Attacking a train, even a high-speed train, is much more akin to simply attacking any crowded location—a club, a restaurant, a theatre—than it is to attacking an airplane. [Because of this, an attack on a crowded local train is likely to be more effective than an attack on high-speed rail.]
You can cause economic effects by damaging infrastructure, but even that is unlikely to be significant.
So basically, (a) trains are just not that attractive a target for terrorism, and (b) the (extreme) costs of airport-style security would not justified by the (very minimal) benefits. Despite the overlap in the service they provide, airplanes and trains are simply very different in many ways.
Did this a few weeks ago and also saved myself a great deal of strike-related uncertainty (Paris region connections were at a standstill).
Problem is, that hasn't been the case in the United States.
Or rather, while passenger miles are still up over the past 14 years, both aviation fuel consumption and departures are down.
The US hit peak aviation fuel in 2000. Peak departures occurred in 2005, likely due to a shift to smaller aircraft.
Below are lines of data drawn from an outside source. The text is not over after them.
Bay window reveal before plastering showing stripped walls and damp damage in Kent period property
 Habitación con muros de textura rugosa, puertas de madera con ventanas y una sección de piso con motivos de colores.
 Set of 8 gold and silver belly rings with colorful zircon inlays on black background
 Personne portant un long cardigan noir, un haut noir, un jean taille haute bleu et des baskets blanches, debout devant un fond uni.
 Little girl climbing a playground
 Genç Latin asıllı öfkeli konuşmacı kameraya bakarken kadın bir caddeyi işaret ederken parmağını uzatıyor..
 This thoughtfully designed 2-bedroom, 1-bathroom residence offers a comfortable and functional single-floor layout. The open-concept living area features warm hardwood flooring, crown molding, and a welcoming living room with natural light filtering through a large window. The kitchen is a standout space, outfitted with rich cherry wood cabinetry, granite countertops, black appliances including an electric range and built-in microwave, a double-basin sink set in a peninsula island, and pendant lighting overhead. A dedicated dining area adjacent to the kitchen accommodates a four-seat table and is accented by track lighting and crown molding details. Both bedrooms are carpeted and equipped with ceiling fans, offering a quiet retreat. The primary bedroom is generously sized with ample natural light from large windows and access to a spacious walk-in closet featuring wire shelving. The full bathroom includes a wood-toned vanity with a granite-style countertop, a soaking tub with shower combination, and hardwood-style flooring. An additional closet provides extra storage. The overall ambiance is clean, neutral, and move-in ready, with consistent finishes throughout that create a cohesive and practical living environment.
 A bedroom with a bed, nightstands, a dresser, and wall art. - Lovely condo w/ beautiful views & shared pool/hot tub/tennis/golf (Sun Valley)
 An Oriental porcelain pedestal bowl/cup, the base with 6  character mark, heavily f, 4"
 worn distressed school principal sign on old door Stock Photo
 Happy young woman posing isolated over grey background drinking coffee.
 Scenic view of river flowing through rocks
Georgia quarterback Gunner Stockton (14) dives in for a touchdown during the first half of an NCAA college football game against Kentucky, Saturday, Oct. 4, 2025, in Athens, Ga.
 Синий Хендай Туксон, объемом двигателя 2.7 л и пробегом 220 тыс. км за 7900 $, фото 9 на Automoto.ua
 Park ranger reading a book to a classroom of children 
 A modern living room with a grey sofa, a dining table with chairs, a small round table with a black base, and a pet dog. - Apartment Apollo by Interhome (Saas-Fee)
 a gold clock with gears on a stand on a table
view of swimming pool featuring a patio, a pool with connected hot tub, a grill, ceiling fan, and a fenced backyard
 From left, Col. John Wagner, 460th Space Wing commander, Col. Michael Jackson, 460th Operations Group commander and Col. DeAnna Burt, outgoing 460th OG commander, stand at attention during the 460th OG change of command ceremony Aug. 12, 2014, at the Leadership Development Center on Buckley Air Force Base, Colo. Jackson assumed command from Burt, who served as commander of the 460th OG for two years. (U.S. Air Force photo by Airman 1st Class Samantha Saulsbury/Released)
Total passenger miles remain up since then, due largely to increased load factors -- reduced seat pitch (spacing) allowing more rows aboard aircraft, and improved scheduling packing more people into those seats.
I discovered the peak aviation fuel element when looking into one of several rather unconvincing projects aimed at providing biofuels for commercial aviation (the proposals simply don't scale).
http://www.reddit.com/r/dredmorbius/comments/1wo2hl/boeings_...
Using the US Department of Transportation's "RITA" data, 2013 aviation fuel consumption was 17% below 2000 levels, and less than half of the 2000 prediction.
http://www.faa.gov/data_research/aviation/aerospace_forecast...Steve Kopits points out that departures peaked in 2005, two years before the recession started,
http://energypolicy.columbia.edu/events-calendar/global-oil-...
See p. 37 of the slide deck: http://energypolicy.columbia.edu/sites/default/files/energy/...
I'm long-term quite bearish on aviation.